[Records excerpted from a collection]
═══
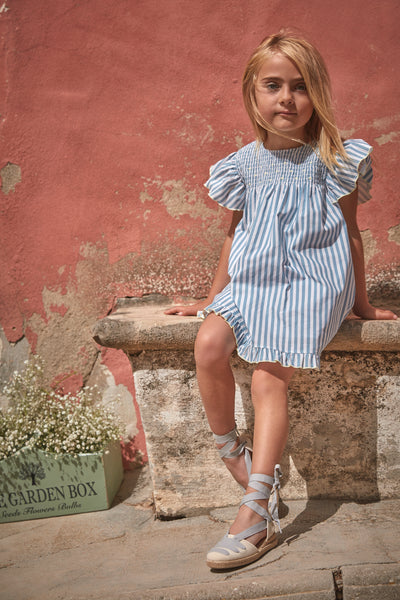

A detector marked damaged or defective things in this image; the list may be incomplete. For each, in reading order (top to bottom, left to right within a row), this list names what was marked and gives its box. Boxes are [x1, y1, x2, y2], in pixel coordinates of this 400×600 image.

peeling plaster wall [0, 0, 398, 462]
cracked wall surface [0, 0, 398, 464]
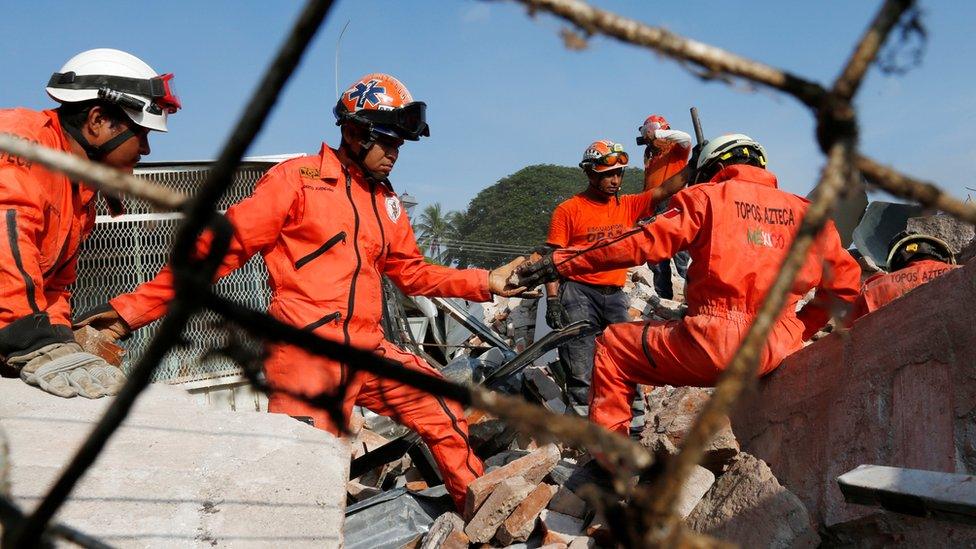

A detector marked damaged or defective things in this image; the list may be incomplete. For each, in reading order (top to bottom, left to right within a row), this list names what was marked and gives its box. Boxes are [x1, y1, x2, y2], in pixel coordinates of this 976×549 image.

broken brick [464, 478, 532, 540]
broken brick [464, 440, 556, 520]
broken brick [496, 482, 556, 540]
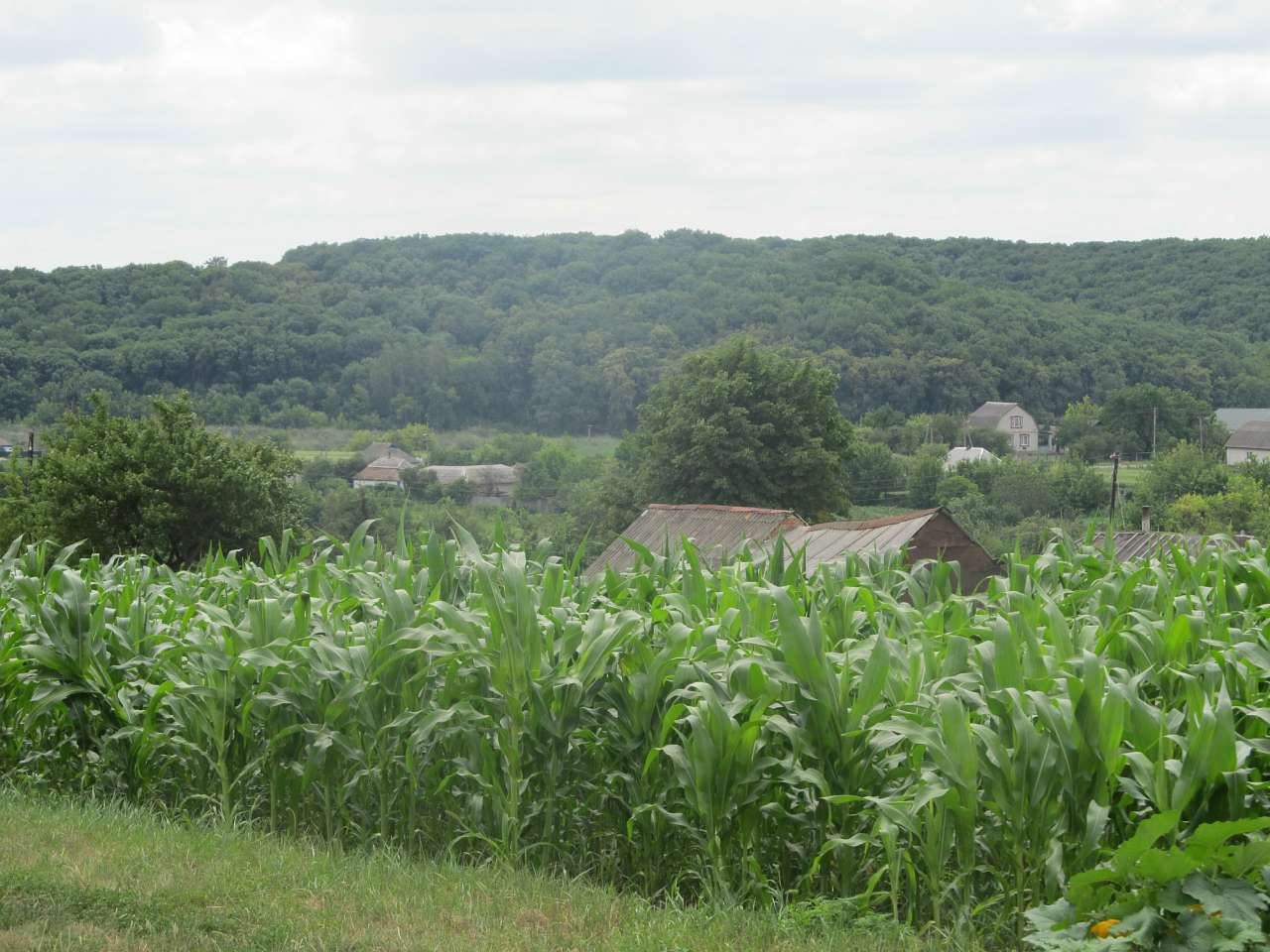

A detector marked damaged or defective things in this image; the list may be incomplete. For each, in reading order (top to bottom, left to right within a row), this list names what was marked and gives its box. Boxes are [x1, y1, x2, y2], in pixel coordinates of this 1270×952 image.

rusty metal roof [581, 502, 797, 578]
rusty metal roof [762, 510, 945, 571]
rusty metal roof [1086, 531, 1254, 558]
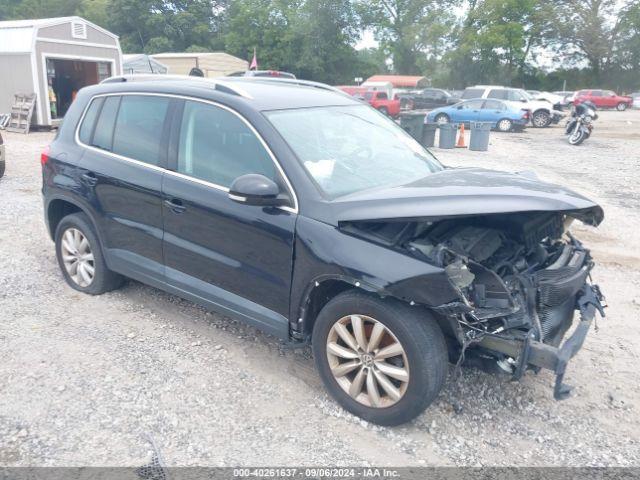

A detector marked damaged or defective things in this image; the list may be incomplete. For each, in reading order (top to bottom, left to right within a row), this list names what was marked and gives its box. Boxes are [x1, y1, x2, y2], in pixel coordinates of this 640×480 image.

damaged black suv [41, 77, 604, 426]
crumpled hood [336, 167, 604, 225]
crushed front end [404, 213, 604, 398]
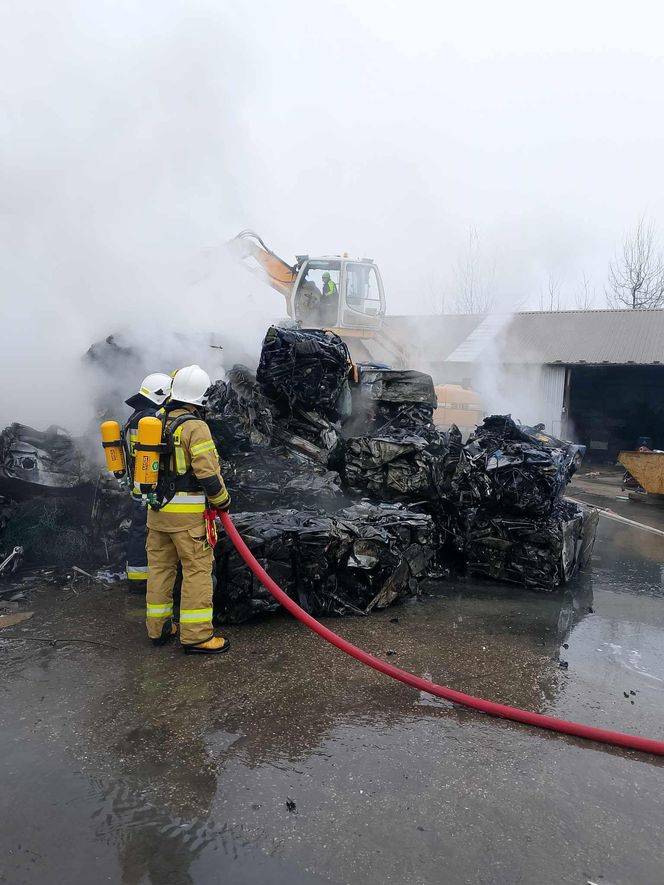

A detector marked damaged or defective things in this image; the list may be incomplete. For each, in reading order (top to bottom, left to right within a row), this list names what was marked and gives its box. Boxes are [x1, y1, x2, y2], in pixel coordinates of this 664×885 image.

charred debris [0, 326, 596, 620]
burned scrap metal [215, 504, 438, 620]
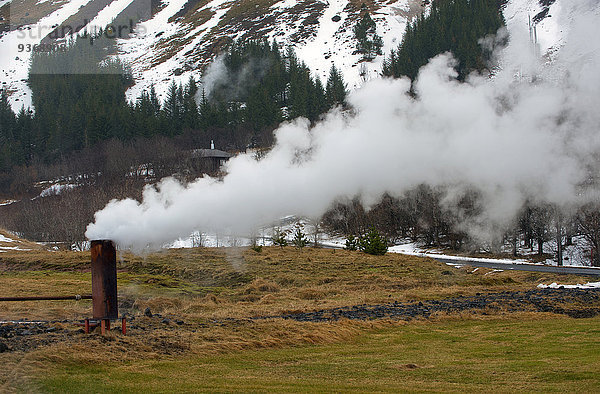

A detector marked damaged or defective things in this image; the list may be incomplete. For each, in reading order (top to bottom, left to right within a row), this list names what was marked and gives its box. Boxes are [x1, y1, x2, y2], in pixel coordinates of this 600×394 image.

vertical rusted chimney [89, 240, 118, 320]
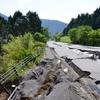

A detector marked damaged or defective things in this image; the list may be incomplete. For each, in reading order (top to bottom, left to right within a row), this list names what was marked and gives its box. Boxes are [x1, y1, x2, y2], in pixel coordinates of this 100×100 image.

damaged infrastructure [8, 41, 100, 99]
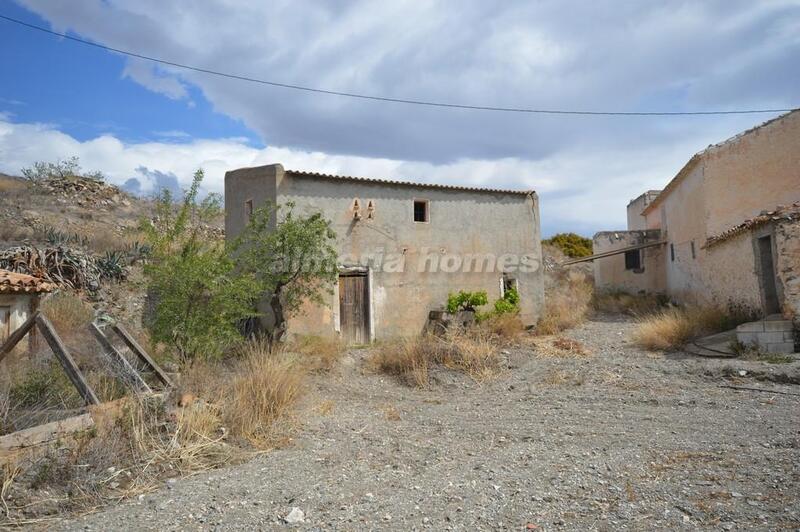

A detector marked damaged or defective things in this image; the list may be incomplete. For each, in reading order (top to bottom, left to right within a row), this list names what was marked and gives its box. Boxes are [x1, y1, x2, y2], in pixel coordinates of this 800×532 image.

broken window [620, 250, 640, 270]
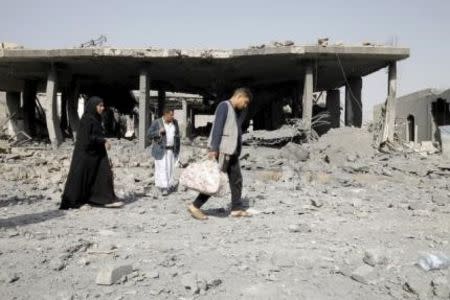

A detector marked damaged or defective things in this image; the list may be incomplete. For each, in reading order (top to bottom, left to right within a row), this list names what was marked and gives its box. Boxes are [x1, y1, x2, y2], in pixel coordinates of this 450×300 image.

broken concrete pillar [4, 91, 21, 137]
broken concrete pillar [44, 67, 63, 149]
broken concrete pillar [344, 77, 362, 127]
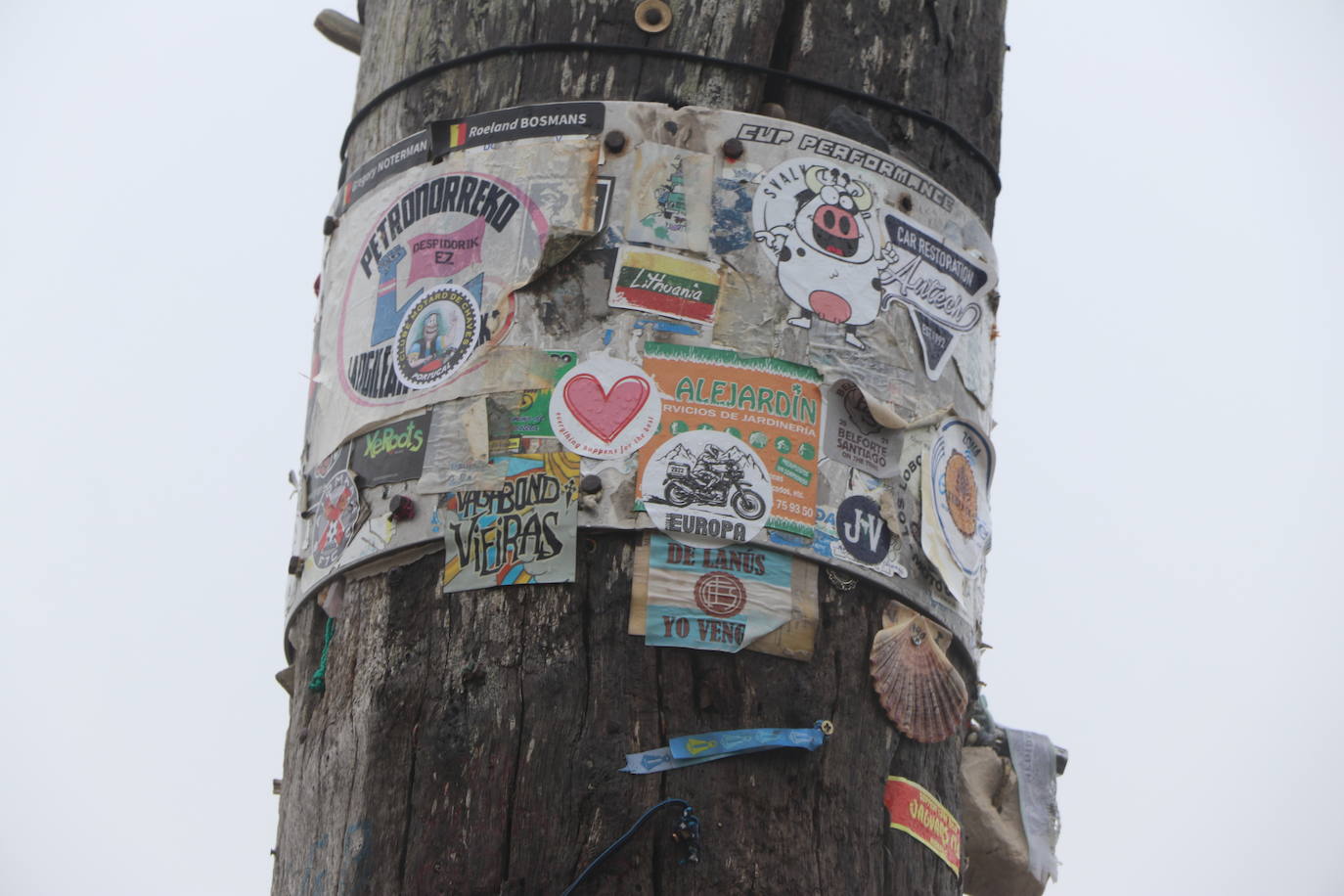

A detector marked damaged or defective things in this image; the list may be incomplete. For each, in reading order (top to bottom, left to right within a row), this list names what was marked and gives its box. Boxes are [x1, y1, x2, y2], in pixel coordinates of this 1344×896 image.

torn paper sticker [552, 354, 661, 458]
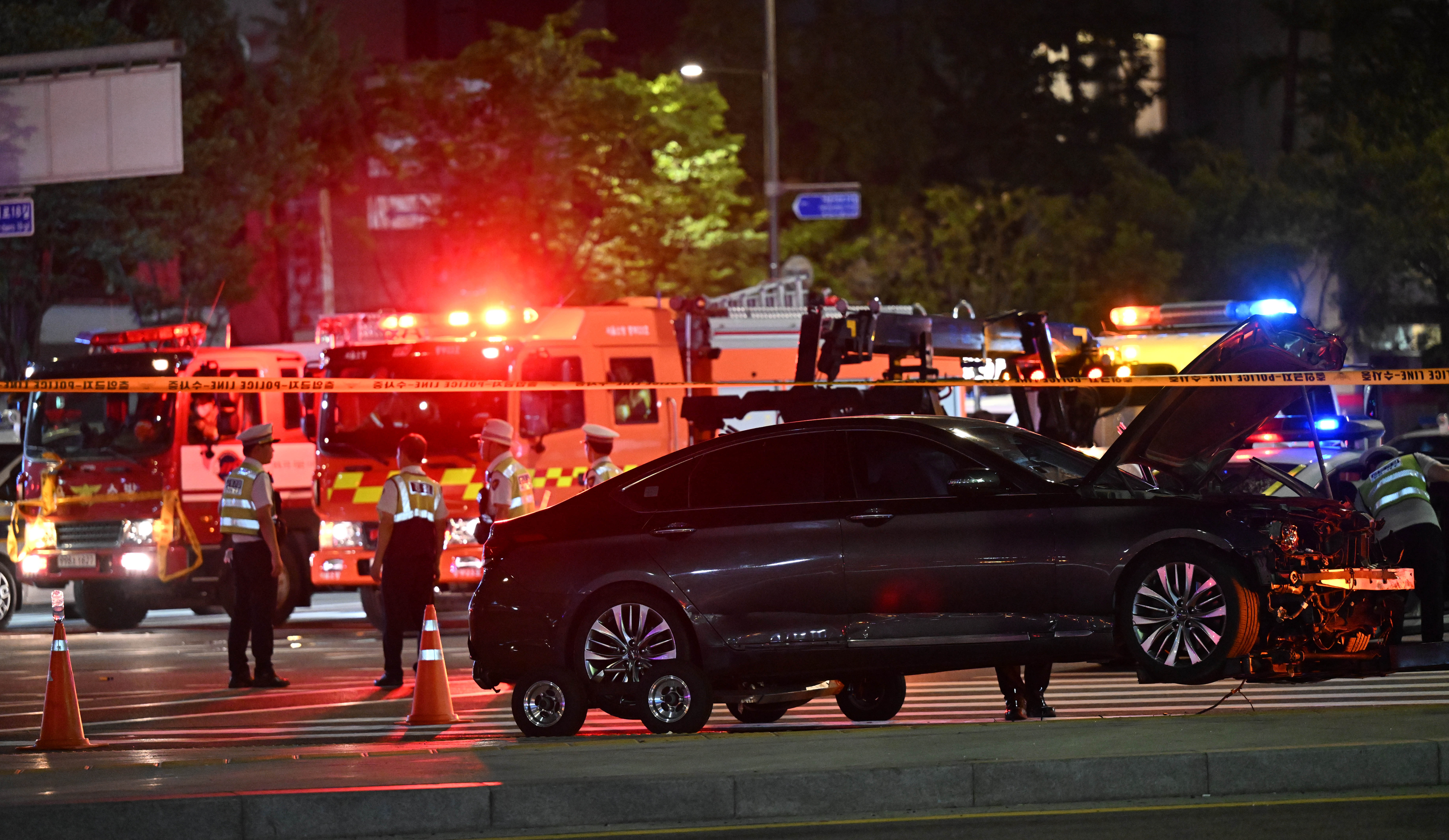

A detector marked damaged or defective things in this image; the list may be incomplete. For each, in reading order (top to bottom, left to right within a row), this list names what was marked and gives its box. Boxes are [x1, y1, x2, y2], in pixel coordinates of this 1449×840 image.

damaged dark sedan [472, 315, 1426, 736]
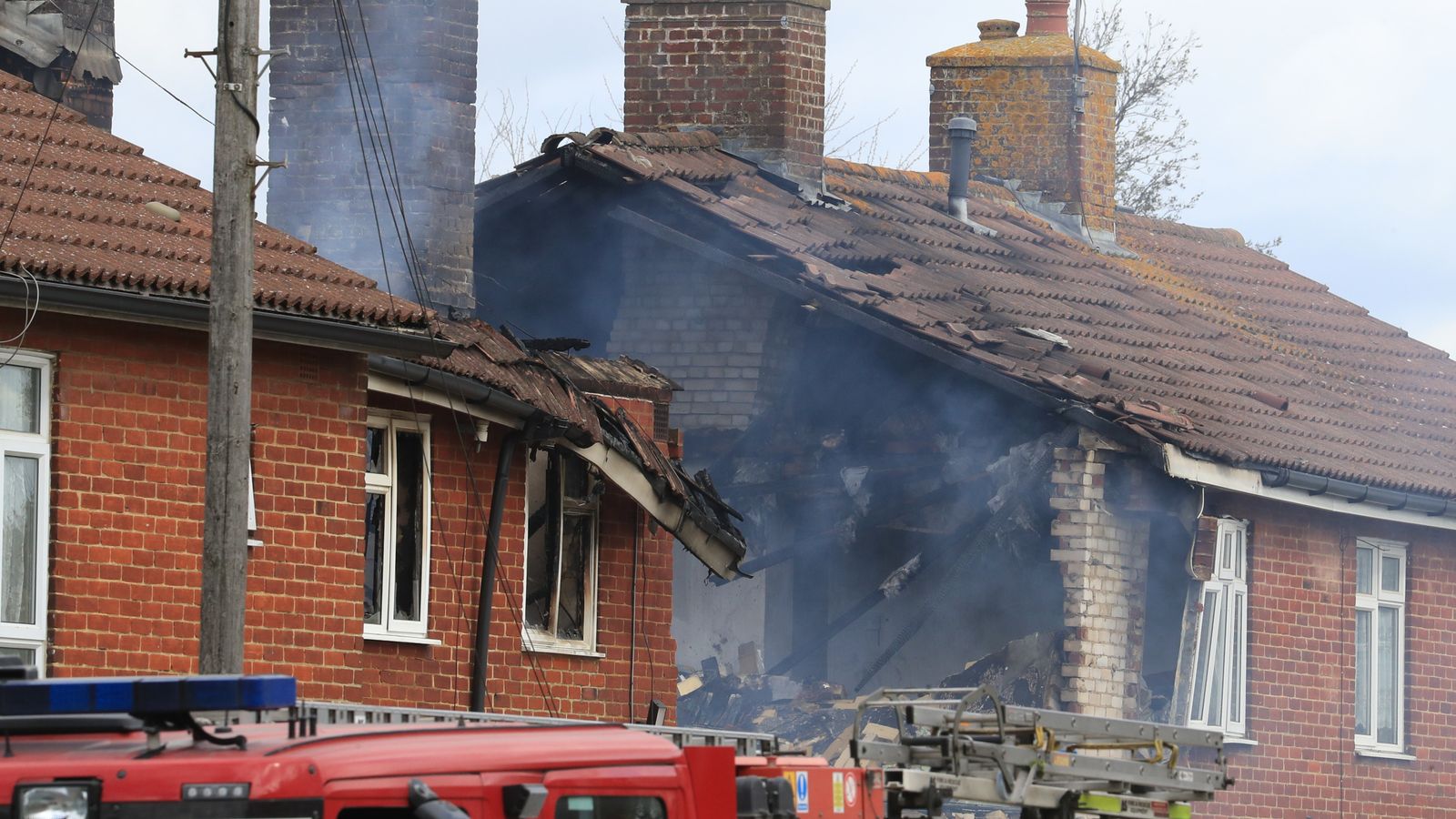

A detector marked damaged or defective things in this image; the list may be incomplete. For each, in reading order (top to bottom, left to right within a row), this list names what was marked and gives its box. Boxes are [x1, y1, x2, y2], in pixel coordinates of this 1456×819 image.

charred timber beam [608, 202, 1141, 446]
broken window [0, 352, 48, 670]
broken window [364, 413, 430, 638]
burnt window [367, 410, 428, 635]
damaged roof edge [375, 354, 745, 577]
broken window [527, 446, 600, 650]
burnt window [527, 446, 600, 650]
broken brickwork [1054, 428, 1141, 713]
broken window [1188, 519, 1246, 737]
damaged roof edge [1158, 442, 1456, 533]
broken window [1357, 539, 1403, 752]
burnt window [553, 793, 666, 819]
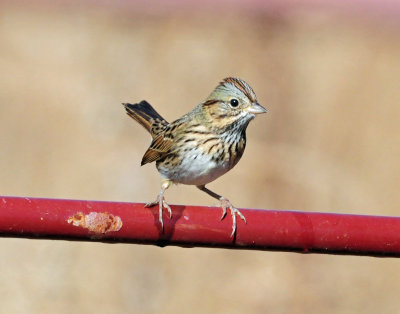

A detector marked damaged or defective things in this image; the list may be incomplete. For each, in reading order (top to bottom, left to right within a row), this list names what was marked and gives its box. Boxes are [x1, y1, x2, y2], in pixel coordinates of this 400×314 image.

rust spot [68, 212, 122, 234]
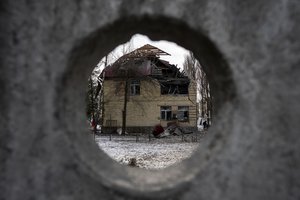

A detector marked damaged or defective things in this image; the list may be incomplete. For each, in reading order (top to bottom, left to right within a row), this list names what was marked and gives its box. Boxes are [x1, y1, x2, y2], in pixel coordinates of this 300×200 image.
═══
I need the lines from the one holding "this 1449×840 image." through the last line of the entries set down exactly, with every picture left out.

• Solved problem:
A detector marked damaged or defective things in this image; the list may be incomplete. For each, in reading order (top to bottom, left to right within a row), this list names what was marked and gives its box. Boxes are [x1, y1, x2, y2], in pixel coordinates of this 1449×840 image.

damaged dark sedan [472, 315, 1426, 736]

A detector marked damaged or defective things in this image; the list may be incomplete. For each, in reading order (top to bottom, left to right within a row), this list names what was marked and gives its box. Boxes are [x1, y1, x2, y2], in pixel coordinates of this 1456×819 image.

charred timber beam [608, 202, 1141, 446]
broken window [0, 352, 48, 670]
broken window [364, 413, 430, 638]
burnt window [367, 410, 428, 635]
damaged roof edge [375, 354, 745, 577]
broken window [527, 446, 600, 650]
burnt window [527, 446, 600, 650]
broken brickwork [1054, 428, 1141, 713]
broken window [1188, 519, 1246, 737]
damaged roof edge [1158, 442, 1456, 533]
broken window [1357, 539, 1403, 752]
burnt window [553, 793, 666, 819]

A detector marked damaged or defective things in this image; the list may be incomplete. For each, in reading order (top to bottom, left to right within a row), this list names what was marked and gives its box. Boxes are [x1, y1, x2, y2], in pixel coordinates of this 400×314 image.

rust spot [68, 212, 122, 234]

A detector marked damaged or defective things in this image; the list may be incomplete. For each, in reading order (top to bottom, left to right within a row), this list names what was marked and gives its box. Boxes are [x1, y1, x2, y2], in pixel coordinates of this 300×200 image.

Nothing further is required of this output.